El mundo de Ophyria se derrumbó en ese instante. Sus grandes ojos verdes, característicos de la realeza Fae, se inundaron de lágrimas mientras su mente infantil de 10 años intentaba procesar la brutal verdad: sus padres habían sido asesinados, ya no los vería nunca más, y además tenía mucho miedo, eso era lo único que pasaba por su cabecita. El terror se apoderó de cada fibra de su ser, y el peso de la responsabilidad por su hermano pequeño cayó sobre sus hombros como una manta de plomo a pesar de su corta edad.
La huida fue desesperada. Los cielos nocturnos, normalmente un refugio natural para las hadas, estaban plagados de vigilantes. Sus alas, capaces de llevarlos lejos en cualquier otra circunstancia, ahora eran inútiles bajo la amenaza de ser detectados. Y por tierra, las sombras de los lobos de Wolfgard acechaban en cada esquina, siendo los secuaces de esa injusticia egoísta de un príncipe hambriento de poder.
El caballero llamado Endrian se movía como una destreza sorprendente en la retaguardia. Su espada forjada con el mejor hierro de hadas se movía con destreza en el aire nocturno, dejando estelas de luz mágica mientras segaba las vidas de los lobos que osaban acercarse demasiado. Su habilidad era testimonio de años de entrenamiento en la guardia real, siendo cada movimiento preciso y letal, protegiendo así a los últimos herederos del trono legítimo. Su armadura plateada y sus alas traslúcidas lucían etéreas a la vista, mientras su largo cabello castaño ondeaba en una cola de caballo alta, típica de los caballeros Fae.
Finalmente, luego de haber cruzado el pasadizo que pensaban estaría solitario, llegaron donde aguardaba un caballo blanco, con su pelaje brillando como plata líquida bajo la luz de esa noche despejada. Con movimientos rápidos pero gentiles, el caballero montó a la nana Darabell y los dos niños, luego siguió él. A pesar del espacio limitado, los cuatro se acomodaron en el lomo del animal —Endrian, Darabell, la princesa y el príncipe heredero que iba en los brazos de su nana—, como si el destino mismo hubiera dispuesto que ese noble corcel fuera su última esperanza.
De esa manera, galoparon a través de la noche, con el castillo ardiendo a sus espaldas, al mismo tiempo que la batalla entre leales y traidores teñía el cielo de rojo sangre. Sin embargo, el destino tenía otros planes para esta fuga desesperada. Al aproximarse a las murallas del reino Fae, descubrieron que sus enemigos los esperaban, como lobos acorralando a su presa.

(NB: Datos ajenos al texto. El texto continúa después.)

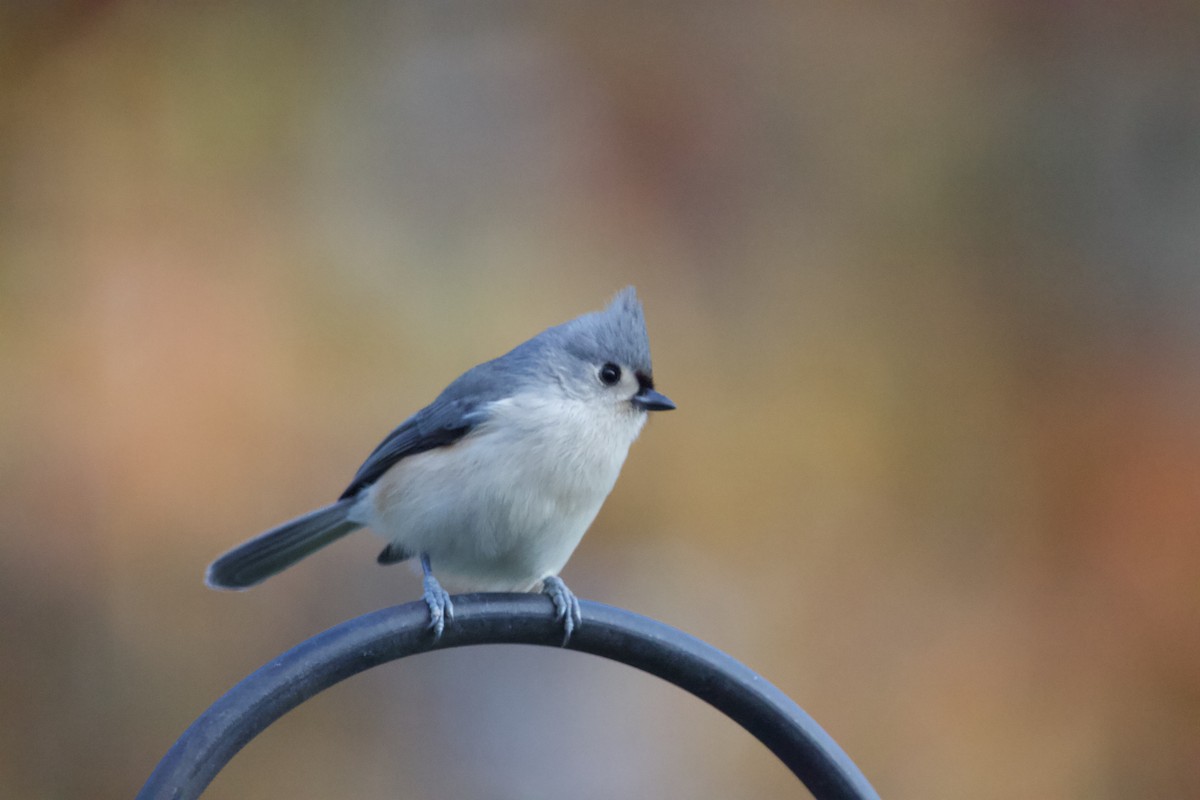 Mésange bicolore - ML644313122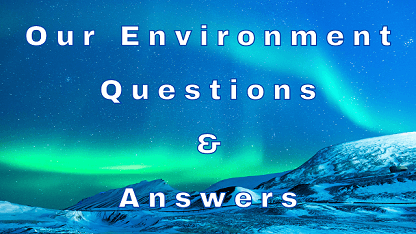 environment assignment questions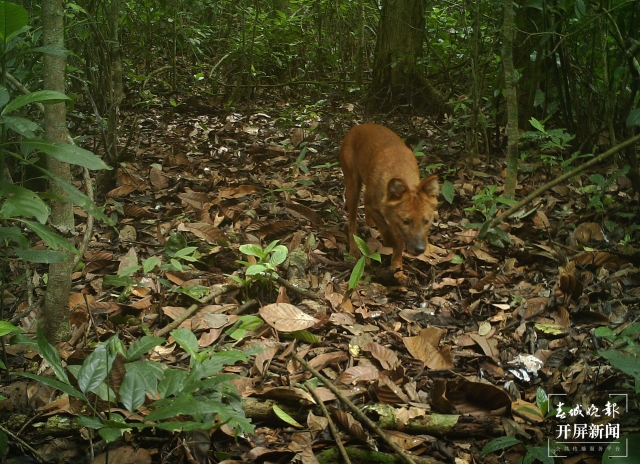 云南普洱拍到國家一級保護(hù)動物豺 (1).jpg
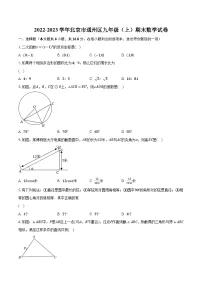 2022-2023学年北京市通州区九年级（上）期末数学试卷(含解析）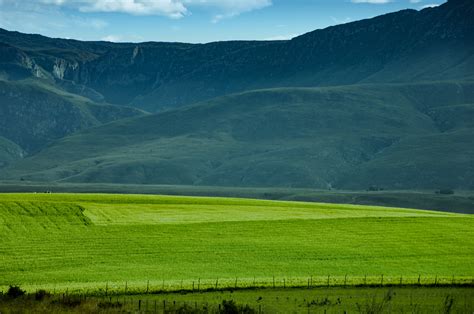 Free stock photo of blue mountains, field, hillside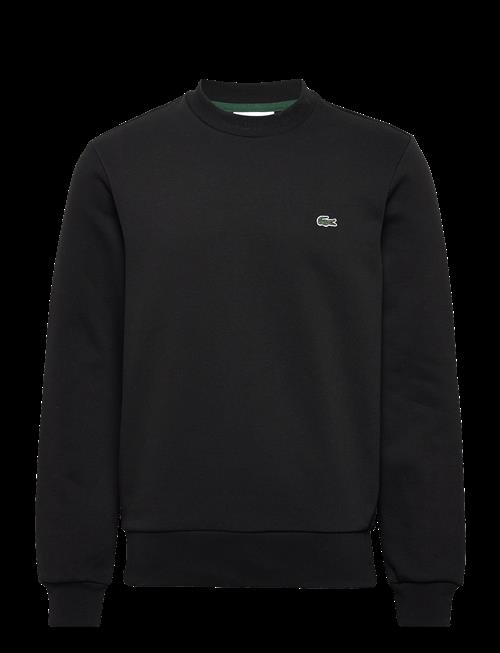Lacoste | 1Hs1 Men's Sweatshirt | XL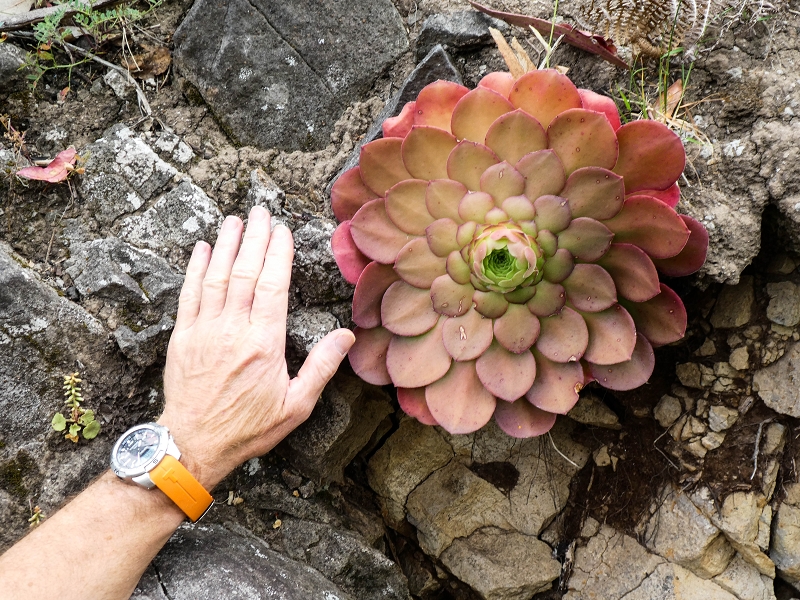 10.05.2019 Von Meia Legua nach Pomar de Rocha, auf die Levada do Lombo do Mouro und Abstieg über Furnas — Der Levada do Lombo do Mouro entlang zum Abstiegsweg nach Furnas — Foto 46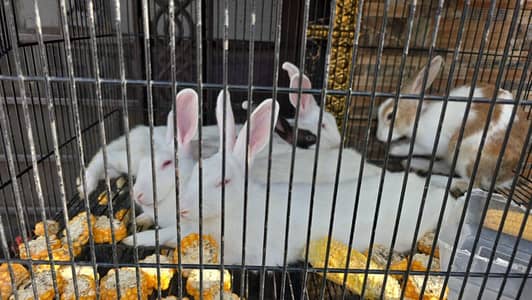 Breeders rabbits for sale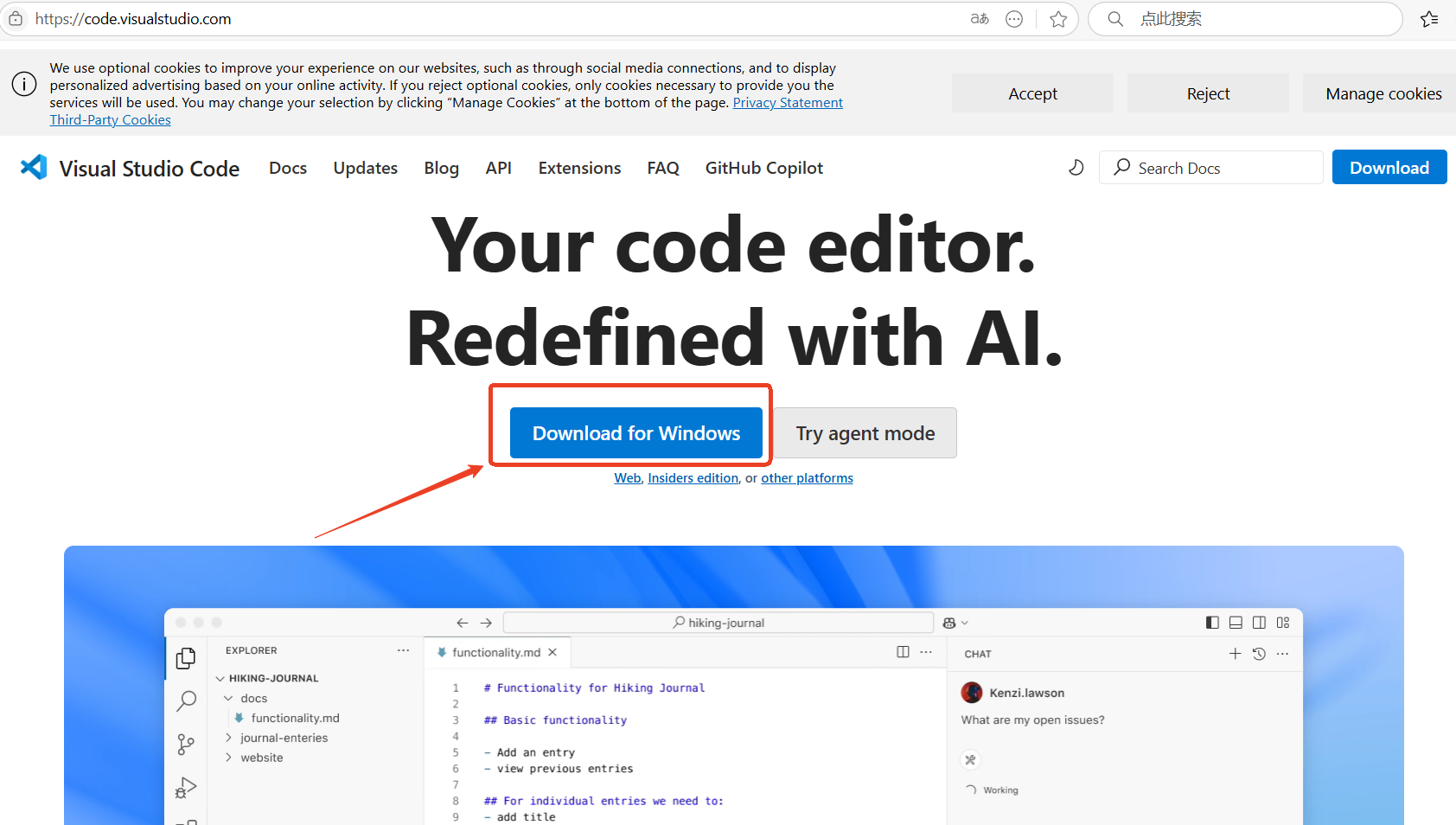 alt text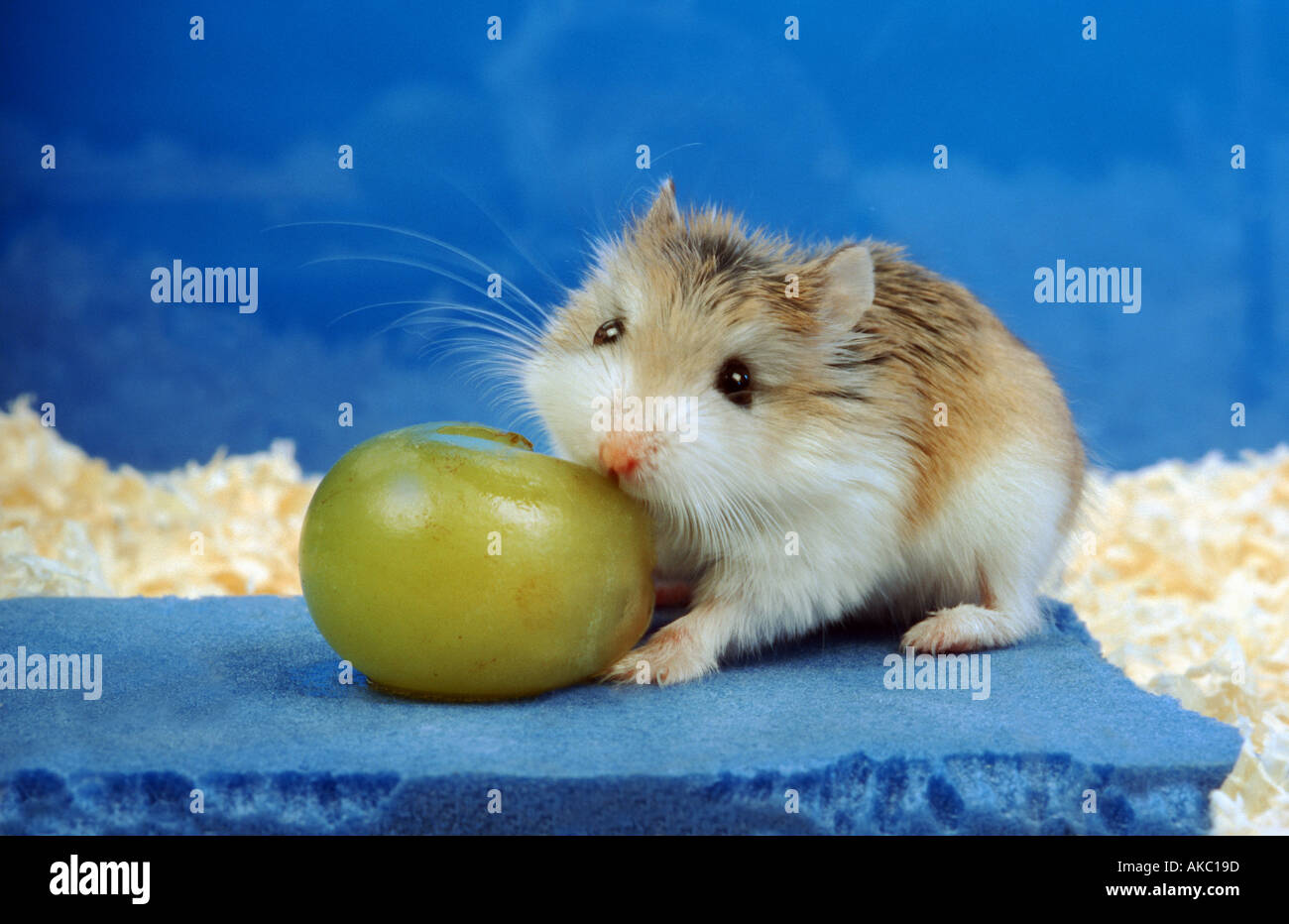 Roborowsky Hamster eating fruits grapes Stock Photo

Darabell, la nana, intercambió una mirada significativa con Endrian. En sus ojos brillaba una valentía feroz mientras desmontaba ágilmente. Con movimientos experimentados pero temblorosos por la urgencia, tomó al pequeño príncipe Jaerion y lo aseguró contra el pecho de Ophyria, utilizando una manta para crear un arnés improvisado.
—¡Princesa, siga usted con el caballo, ni se le ocurra volar, el cielo estará vigilado! ¡Endrian y yo nos encargaremos de limpiar el camino para que nadie nos siga! —La voz de Darabell, normalmente dulce como cuando cantaba para hacerla dormir, ahora resonaba con autoridad y urgencia.
—¡No, nana, ven conmigo, apenas aprendí a andar a caballo hace unos meses, tengo miedo, no soy muy buena! —suplicó Ophyria con las lágrimas corriendo libremente por sus mejillas mientras sentía el peso cálido de su hermano contra su pecho.
—No hay tiempo —cortó Darabell, mientras Endrian ya había desenvainado su espada, haciendo que el metal brillara con un resplandor sobrenatural mientras su magia Fae fluía a través de ella. El caballero ya se enfrentaba ahora a rostros conocidos, compañeros de armas que hasta hace apenas un día compartían risas y entrenamientos, ahora se habían convertido en enemigos por su lealtad al príncipe usurpador y a los lobos traicioneros del reino de Wolfgard.
—¡Le prometo que la alcanzaré, usted es una niña muy capaz, no tema, vaya! —fueron las últimas palabras de Darabell antes de dar una fuerte palmada al caballo, enviándolo galopando hacia la noche. La nana desplegó sus alas, que brillaron como cristal pulido bajo la luz de la luna, elevándose para unirse a la batalla que les daría a los príncipes la oportunidad de escapar.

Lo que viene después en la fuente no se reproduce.